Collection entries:
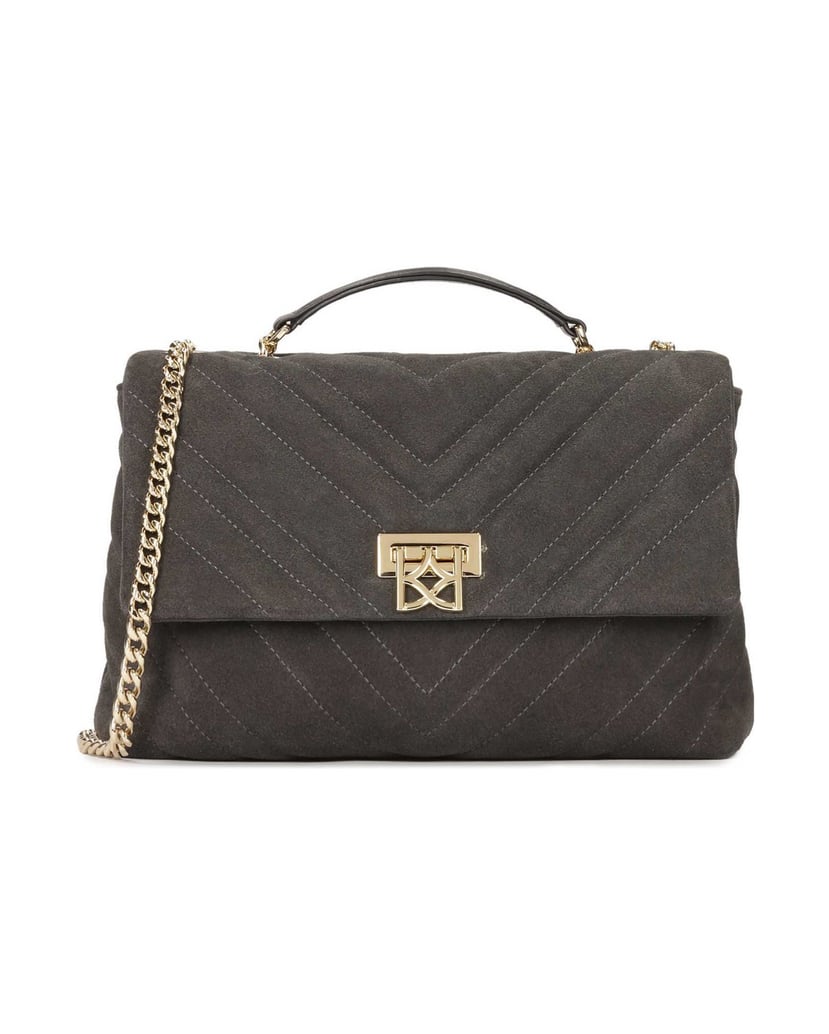 Kazar-Grey-suede-chain-handbag-šedá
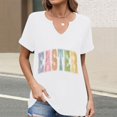 thumbnail image 2 of Corto para las Mujeres Casual Verano 2025 Pascua Impresión V-Cuello Camiseta, Ligero 95% Poliéster 5% Spandex Top para Toda la Temporada Hogar Y Diario, 2 of 7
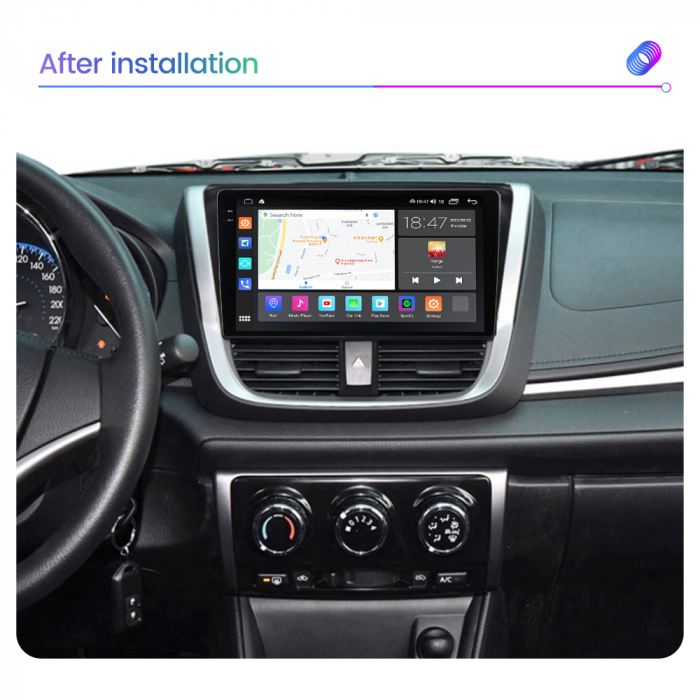 Navigatie Toyota Yaris din 2016-2019, Rezolutie 2K, Display QLED 9.5 inch, 4GB RAM si 64GB ROM, Android, Procesor Octacore, Slot sim 4G, Sunet DSP, Wireless Carplay si Android Auto, Camera Marsarier, [2]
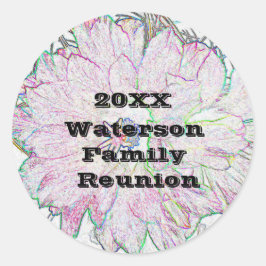 Sello de Flor Artística Rosa para Reunión Familiar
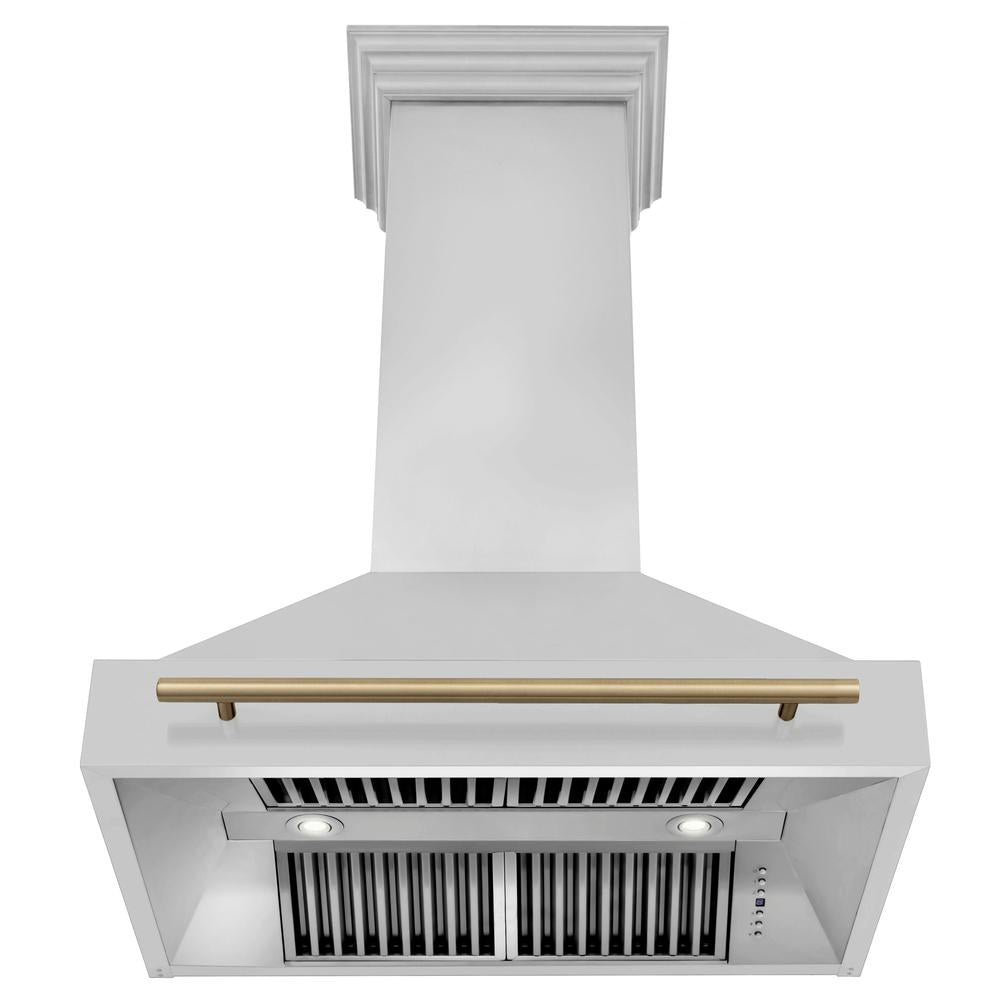 ZLINE Autograph Edition 36-inch Stainless Steel Kitchen Package - Dual Fuel Range, Range Hood, Dishwasher & Refrigerator with Champagne Bronze Accents & External Water Dispenser (4AKPR RARHDWM36 CB) | Premium Kitchen Appliances for Modern Homes & Professional Chefs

= Aim of the task =
An exact reproduction of the data above is required, with every picture removed.

= Answer to this problem =
 Kazar-Grey-suede-chain-handbag-šedá
 thumbnail image 2 of Corto para las Mujeres Casual Verano 2025 Pascua Impresión V-Cuello Camiseta, Ligero 95% Poliéster 5% Spandex Top para Toda la Temporada Hogar Y Diario, 2 of 7
 Navigatie Toyota Yaris din 2016-2019, Rezolutie 2K, Display QLED 9.5 inch, 4GB RAM si 64GB ROM, Android, Procesor Octacore, Slot sim 4G, Sunet DSP, Wireless Carplay si Android Auto, Camera Marsarier, [2]
 Sello de Flor Artística Rosa para Reunión Familiar
 ZLINE Autograph Edition 36-inch Stainless Steel Kitchen Package - Dual Fuel Range, Range Hood, Dishwasher & Refrigerator with Champagne Bronze Accents & External Water Dispenser (4AKPR RARHDWM36 CB) | Premium Kitchen Appliances for Modern Homes & Professional Chefs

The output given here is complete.